Now back to our line-segment distance problem for hair/fur/grass/cloth curve rendering. We want to solve the closest distance between a ray and a linear segment. This can be expressed as the minimization of

|p(t) - q(s)|

where p(t) is agani a pointin the ray of the form p(t) = ro + t*rd, and where q is in the segment and takes the form q(s) = v0 + (v1-v0)*s.

We can assume |rd|=1, t>0, 0<s<1. By taking actual distances squared and applying partial derivatives on s and t and equating those to zero (to find the function's minimum), we get a system of two linear equations with two variables (s and t).

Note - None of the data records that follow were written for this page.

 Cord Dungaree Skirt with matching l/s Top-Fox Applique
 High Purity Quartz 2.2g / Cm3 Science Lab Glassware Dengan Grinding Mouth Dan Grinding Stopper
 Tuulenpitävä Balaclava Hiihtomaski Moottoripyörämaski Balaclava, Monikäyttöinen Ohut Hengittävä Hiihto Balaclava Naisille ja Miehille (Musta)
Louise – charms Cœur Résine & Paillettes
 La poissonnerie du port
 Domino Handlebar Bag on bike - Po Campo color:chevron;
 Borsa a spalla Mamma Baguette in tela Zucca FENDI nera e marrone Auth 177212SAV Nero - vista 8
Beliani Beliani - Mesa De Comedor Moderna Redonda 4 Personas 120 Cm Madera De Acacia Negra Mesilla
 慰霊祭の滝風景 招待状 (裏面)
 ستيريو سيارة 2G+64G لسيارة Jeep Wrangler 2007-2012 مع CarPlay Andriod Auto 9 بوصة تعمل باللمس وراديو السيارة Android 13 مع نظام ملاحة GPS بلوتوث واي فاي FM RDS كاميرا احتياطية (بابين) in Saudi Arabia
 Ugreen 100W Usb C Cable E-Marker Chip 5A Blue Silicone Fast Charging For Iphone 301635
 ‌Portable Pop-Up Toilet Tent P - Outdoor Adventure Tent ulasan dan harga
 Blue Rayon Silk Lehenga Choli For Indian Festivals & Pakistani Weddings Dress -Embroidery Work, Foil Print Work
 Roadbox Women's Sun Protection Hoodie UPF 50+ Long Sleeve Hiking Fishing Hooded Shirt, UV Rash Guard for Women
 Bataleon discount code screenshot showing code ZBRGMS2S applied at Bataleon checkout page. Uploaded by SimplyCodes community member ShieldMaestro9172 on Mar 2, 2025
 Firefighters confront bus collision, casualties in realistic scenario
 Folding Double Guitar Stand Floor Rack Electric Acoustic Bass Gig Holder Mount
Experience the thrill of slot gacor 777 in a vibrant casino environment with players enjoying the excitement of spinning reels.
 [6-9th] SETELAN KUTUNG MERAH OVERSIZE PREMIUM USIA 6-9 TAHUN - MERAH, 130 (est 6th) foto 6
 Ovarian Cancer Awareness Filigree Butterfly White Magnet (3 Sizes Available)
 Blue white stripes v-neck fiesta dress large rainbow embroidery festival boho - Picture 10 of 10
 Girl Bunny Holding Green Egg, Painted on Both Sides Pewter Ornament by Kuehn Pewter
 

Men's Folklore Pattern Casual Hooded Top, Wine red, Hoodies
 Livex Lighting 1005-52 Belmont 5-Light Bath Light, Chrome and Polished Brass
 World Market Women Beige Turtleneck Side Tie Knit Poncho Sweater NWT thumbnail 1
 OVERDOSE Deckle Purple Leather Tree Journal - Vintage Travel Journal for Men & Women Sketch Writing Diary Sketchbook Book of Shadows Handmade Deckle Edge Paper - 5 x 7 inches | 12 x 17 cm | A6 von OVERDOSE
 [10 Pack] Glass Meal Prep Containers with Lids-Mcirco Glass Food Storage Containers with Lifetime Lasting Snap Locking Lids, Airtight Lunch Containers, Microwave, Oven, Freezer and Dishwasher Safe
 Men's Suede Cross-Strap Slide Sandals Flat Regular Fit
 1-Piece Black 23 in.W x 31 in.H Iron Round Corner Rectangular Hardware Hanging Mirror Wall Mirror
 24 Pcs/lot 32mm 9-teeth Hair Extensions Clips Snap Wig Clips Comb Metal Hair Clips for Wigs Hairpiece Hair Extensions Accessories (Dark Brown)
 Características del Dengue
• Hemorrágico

That can be solved with Cramer's rule again, and optimized down to the following:

vec3 ray_seg_distance( in vec3 ro, in vec3 rd, in vec3 v0, in vec3 v1 ) { vec3 ba = v1-v0, oa = ro-v0; float a = dot(ba,ba); float b = dot(rd,ba); float c = dot(oa,ba); float e = dot(oa,rd); vec2 st = vec2( c-b*e, b*c-a*e)/(a-b*b); st.x = min( max( st.x, 0.0), 1.0 ); st.y = max( st.y, 0.0 ); return vec3( distance( v0 + st.x*ba, ro + st.y*rd ), st ); }

With the caveat of course that usually one doesn’t need to compute the square root in distance() unless the proximity of the ray to the segment is indeed smaller than the pixel footprint or ray differential.

In any case, we need to see if this 2×2 system of linear equations can be converted into the type of 3×3 system of equations that a ray intersector solves. And it turns out that we got really lucky and indeed it can be done. All we need to do is transpose a few things (which doesn’t change the value of the determinants) and add some padding to fit the 2×2 data into the 3×3 layout the intersector expects. It looks like this:

vec3 ray_seg_distance( in vec3 ro, in vec3 rd, in vec3 v0, in vec3 v1 ) { mat3x3 ma = mat3( v1-v0, -rd, vec3(0) ); vec3 k1 = (ro-v0)*ma; vec3 k2 = (v1-v0)*ma; vec2 st = ray_tri_intersect( k1, vec3(0,0,-1), vec3(0,0,0), k2, vec3(k2.y,1,0) ).xy; st.x = min( max( st.x, 0.0), 1.0 ); st.y = max( st.y, 0.0 ); return vec3( distance( v0 + st.x*(v1-v0), ro + st.y*rd ), st ); }

Conclusion

Note that much of the data passed to the triangle intersector are zeros and ones, which is a waste of computations and an un-optimization when done over a software implementation of ray_tri_intersect. However, if ray_tri_intersect is implemented in hardware there are three different ways I can see things could go from here:

[1] ray_tri_intersect() is in hardware, ray_seg_distance() is kept in software. Not clear to me the savings in the dot products, the multiplications and the division are worth the latency of having to wait for ray_tri_intersect() to compute and return its results to the shader. Maybe it is and this is a win already!?

[2] ray_tri_intersect() is in hardware, and ray_seg_distance() is made in hardware too as some extra circuitry around ray_tri_intersect(). While all that padding that we need to augment the 2×2 system into a 3×3 is wasted computations in the form of multiplications by zero and one, it does however reuse some silicon and save dice space.

[3] ray_seg_distance() is slow even in hardware, we need to remove all those useless multiplications by zero and one. We need custom circuitry, and we’ll just pay the price in the dice space. Good try.

Even in case 3, I think the point of this exercise was to see if a general ray intersector can be hacked into helping computations different from just intersecting a ray with a triangle, from a mathematical perspective. And the answer is “seems like yes!”